Processors should treat calcium carbonate like a new polymer a material that can help them save money plus meet their customers' sustainability goals.
That's the message Picayune, Miss.-based calcium-carbonate concentrate supplier Heritage Plastics Inc. brought to K 2010.
The company came armed with case studies citing how different types of processors have successfully used the materials, as well as a life-cycle assessment comparing the concentrates to conventional polyethylene.
Calcium carbonate gets a lot of attention because it is an easy way to implement a solution that takes a step toward improving your carbon footprint while also lowering energy cost and lowering raw material costs, said Holly Hansen, vice president of technical services, in an interview at the Dusseldorf show.
Heritage's primary focus is on making concentrates containing 80 percent calcium carbonate, in a variety of resin carriers.
President Paul Lewis said the ability to save customers money and improve their sustainability performance has been successful, as Heritage has expanded three times in the past four years.
The biggest expansion project came in 2007, when the firm opened a second plant, in Sylacauga, Ala. This year Heritage added compounding equipment, boosting nameplate capacity by 20-25 percent. Lewis declined to give total capacity.

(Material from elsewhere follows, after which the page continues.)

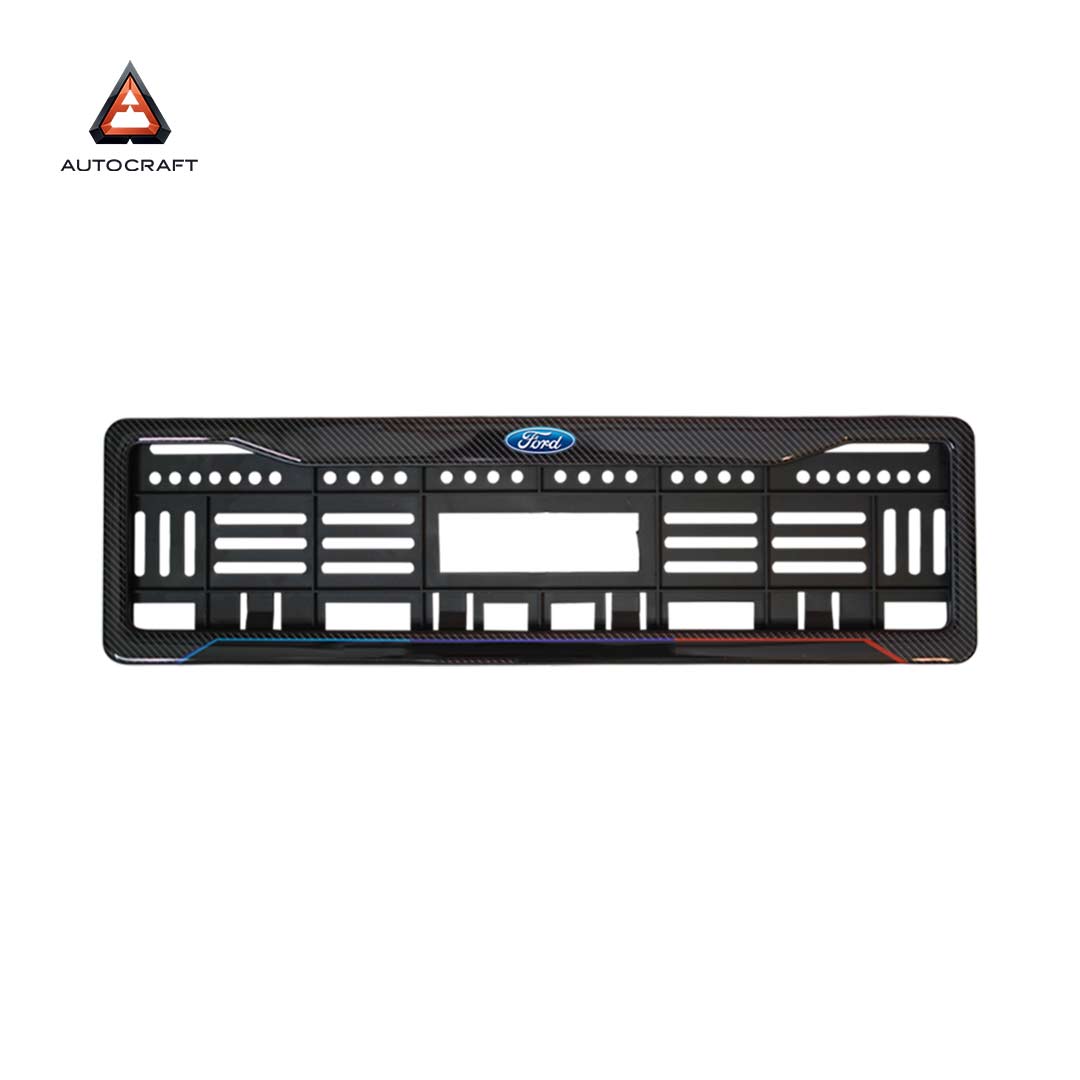 Car Number Plate Gel Frame - Ford - Blue and Red Line HSRP number plate gel frame view 3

The next step could be global expansion. Heritage already exports to 23 countries, and Lewis said he is aggressively looking at global locations for a new plant.
The key consideration in picking a new plant location will be the quality of the local ore. Calcium carbonate is a natural mineral based on limestone, marble or chalk deposits. Heritage also will look at locations that are near existing and potential customers.
Hansen said processors are aware of some of the benefits of calcium carbonate primarily the cost advantage vs. using straight resin.
The company has been working to get the word out about some lesser-known advantages. For example, processors using the concentrates report that the enhanced thermal conductivity of the mineral allows the resin to heat up faster and then the finished parts to cool more quickly, resulting in faster cycles and lower energy consumption.
Heritage said a thermoformer of food-service products using 76 percent calcium carbonate in high-impact polystyrene reported a 6 percent improvement in productivity. And a large-part blow molder reported a 16 percent improvement in cycle time when using the concentrates in linear low density PE.
Heritage revealed a case study involving customer CeDo Ltd., a Telford, England-based film and bag maker that started using calcium carbonate concentrates from European suppliers in 2004.
CeDo typically used materials limited to 65-70 percent chalk, Heritage said, but was able to maintain or improve product strength using Heritage's higher-loaded concentrates. The concentrates helped CeDo boost cost benefits while improving the carbon footprint of finished products and maintaining the performance of its film, Heritage said.
In 2009, Heritage commissioned a life-cycle analysis by Boustead Consulting & Associates Ltd. that favorably compared the carbon footprint, emissions, greenhouse-gas creation and energy use for processors using calcium carbonate concentrates vs. straight resin.
Customers were skeptical because of all of the green claims out there. They needed the third-party life-cycle analysis, said Larry Bisio, vice president of sales and marketing.